Friday, February 17, 2012

Reversing Local Austerity - NYTimes.com

Reversing Local Austerity - NYTimes.com

February 17, 2012, 10:40 AM

Reversing Local Austerity

I’m going to break blog silence just for a minute to put up something related to what I’m working on that should also, I believe, be part of current discussion.

One question that arises when we talk about the possibility of reversing the disastrous push for austerity runs something like this: “OK, you say you want more government spending, but what should it spend money on?” The truth is that I think the perceived lack of shovel-ready projects was overstated even in 2009, but it was a real concern.

The point I want to make is that matters now are actually a lot easier: we could get a fairly big fiscal bang just by resuming aid to state and local governments, allowing them to reverse the big cuts they have recently made.

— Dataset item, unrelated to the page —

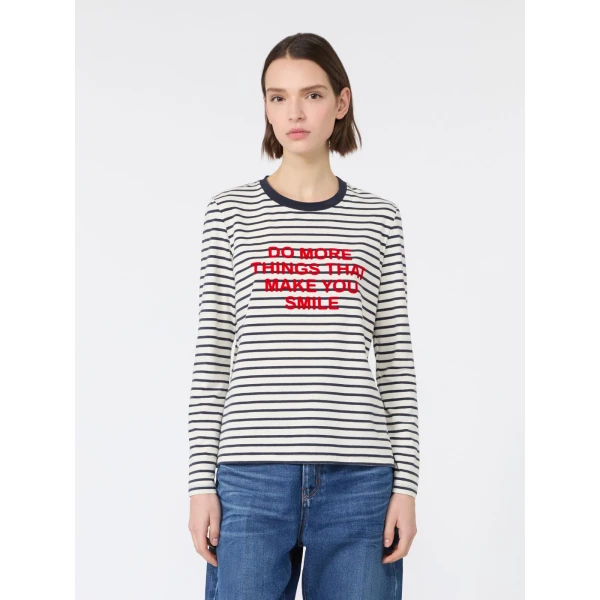 Max Mara Vicino Stretch Jersey Graphic T-Shirt in Navy | T-shirts | Luxury Shoes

So here’s my chart. It shows employment by state and local governments, which has fallen around half a million, with the majority of the cuts coming from education. Moreover, the baseline should not be zero; it should be normal growth, say along with population growth. So I’ve indicated what would have happened to state and local employment if it had grown at its usual rate of 1% a year:

This suggests to me that we could put well over a million people to work directly, and probably around 3 million once you take other effects into account, without any need to come up with new projects; just transfer enough money to state and local governments to let them return to doing the essential business of government, like educating our children.

This isn’t the whole of what we should be doing, by a long shot. But anyone who thinks we don’t have good ways to stimulate demand can be refuted with this observation alone.